### WHAT IS NEEDED
For the entries below, the expected answer is the line with "Miniatura 3 de", the line with "The Locked Ward", and every line between them, exactly as written, and nothing more.

### INPUT DATA
* * * *

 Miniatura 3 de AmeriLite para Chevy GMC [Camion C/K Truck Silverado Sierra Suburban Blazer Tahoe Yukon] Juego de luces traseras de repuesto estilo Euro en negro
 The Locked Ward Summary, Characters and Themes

* * * *

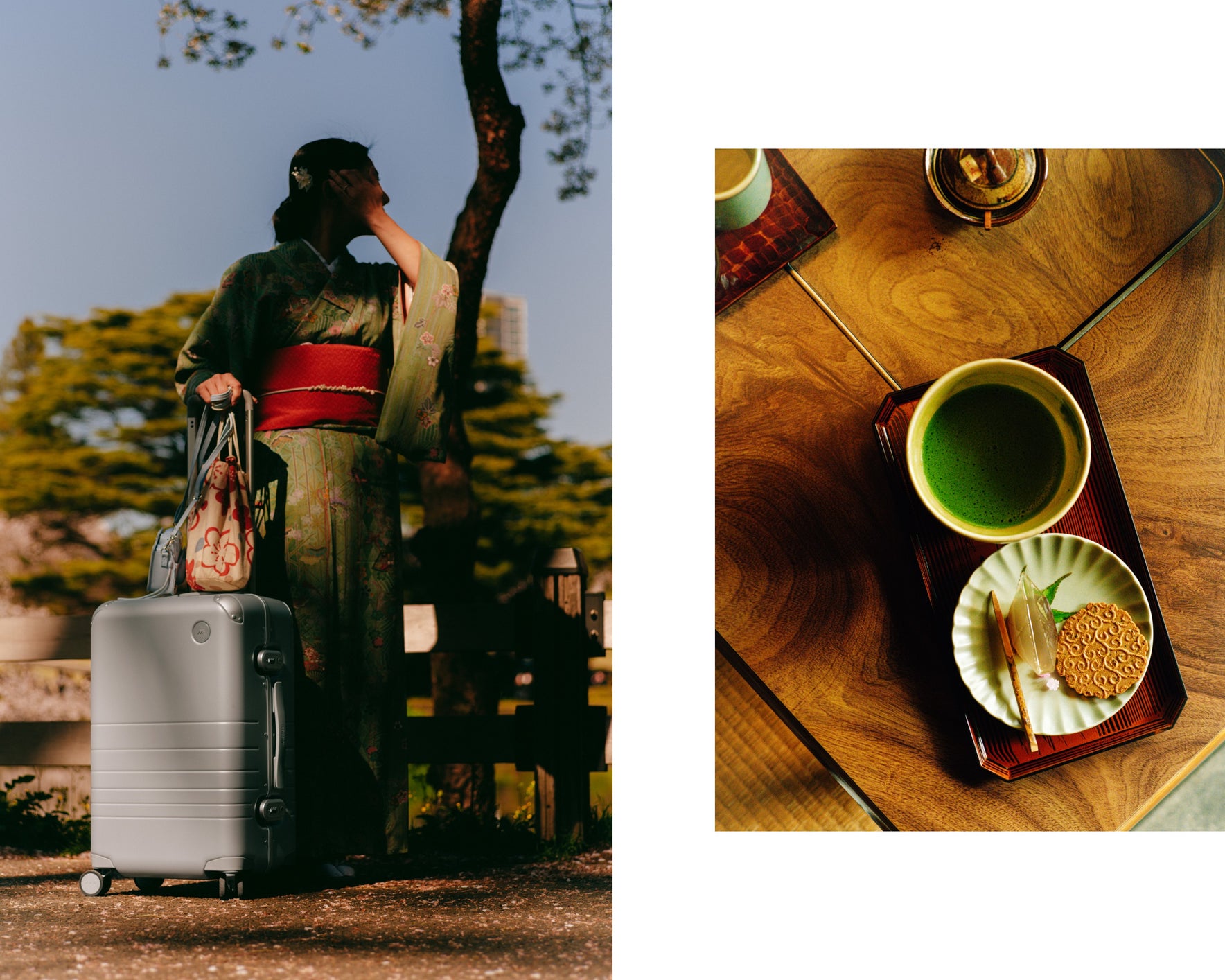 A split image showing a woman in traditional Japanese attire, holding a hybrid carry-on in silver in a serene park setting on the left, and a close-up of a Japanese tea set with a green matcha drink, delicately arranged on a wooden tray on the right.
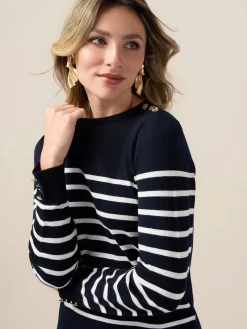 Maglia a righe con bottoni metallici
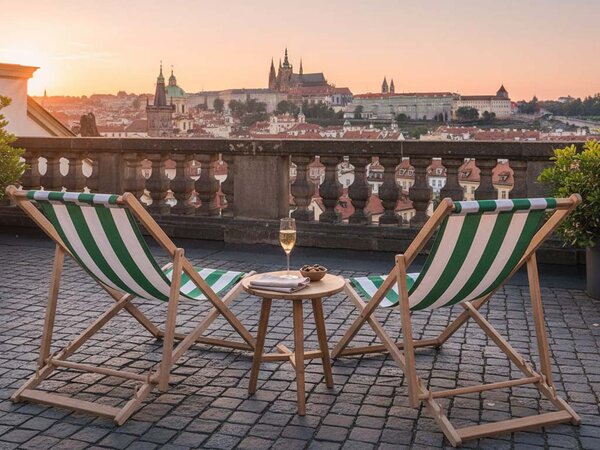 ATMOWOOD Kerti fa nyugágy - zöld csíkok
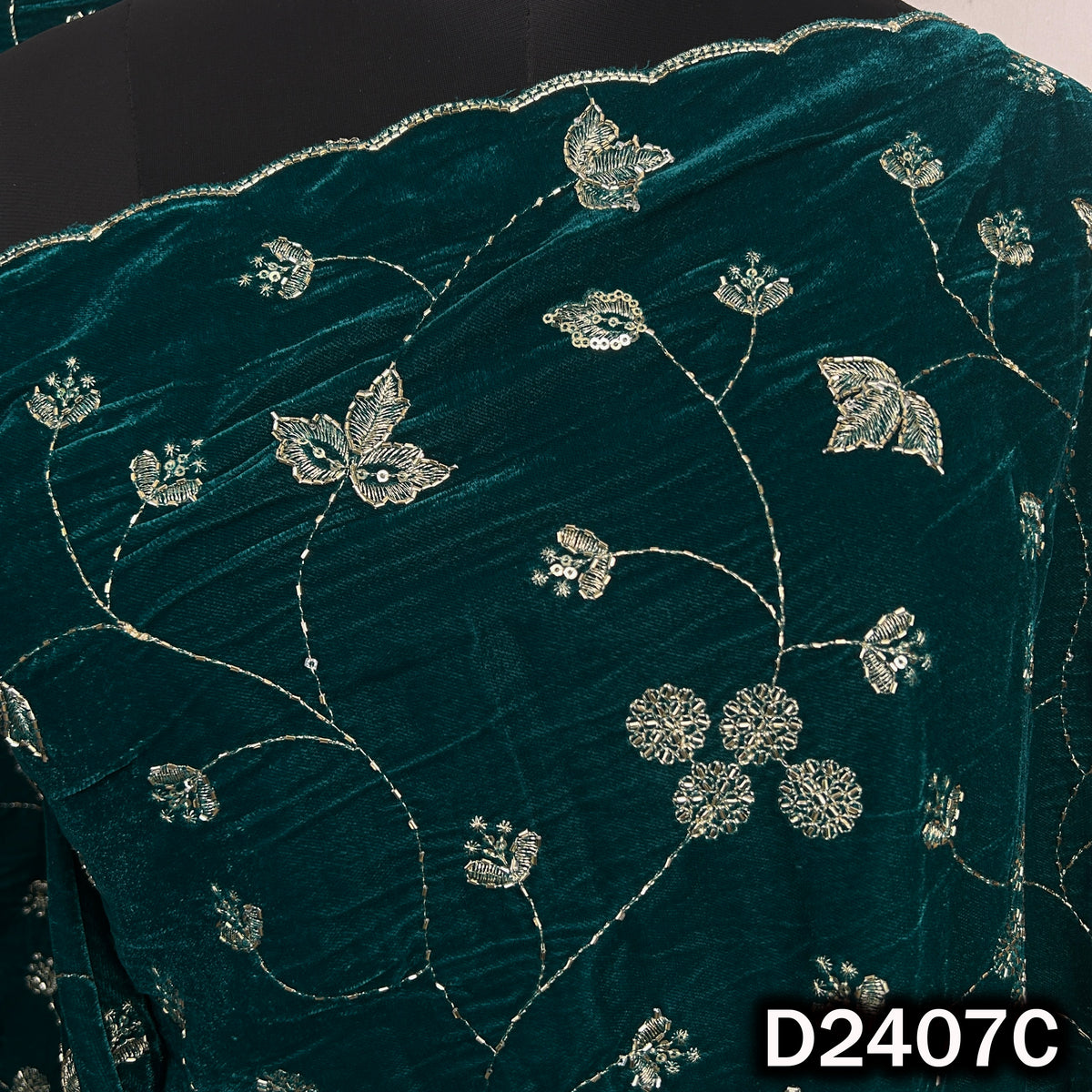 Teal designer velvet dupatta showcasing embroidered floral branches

* * * *

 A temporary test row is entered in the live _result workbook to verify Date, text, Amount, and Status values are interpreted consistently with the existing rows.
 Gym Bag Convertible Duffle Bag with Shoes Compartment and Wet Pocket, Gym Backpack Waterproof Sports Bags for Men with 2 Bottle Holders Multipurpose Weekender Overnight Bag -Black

* * * *

### FINAL ANSWER
 Miniatura 3 de AmeriLite para Chevy GMC [Camion C/K Truck Silverado Sierra Suburban Blazer Tahoe Yukon] Juego de luces traseras de repuesto estilo Euro en negro
 The Locked Ward Summary, Characters and Themes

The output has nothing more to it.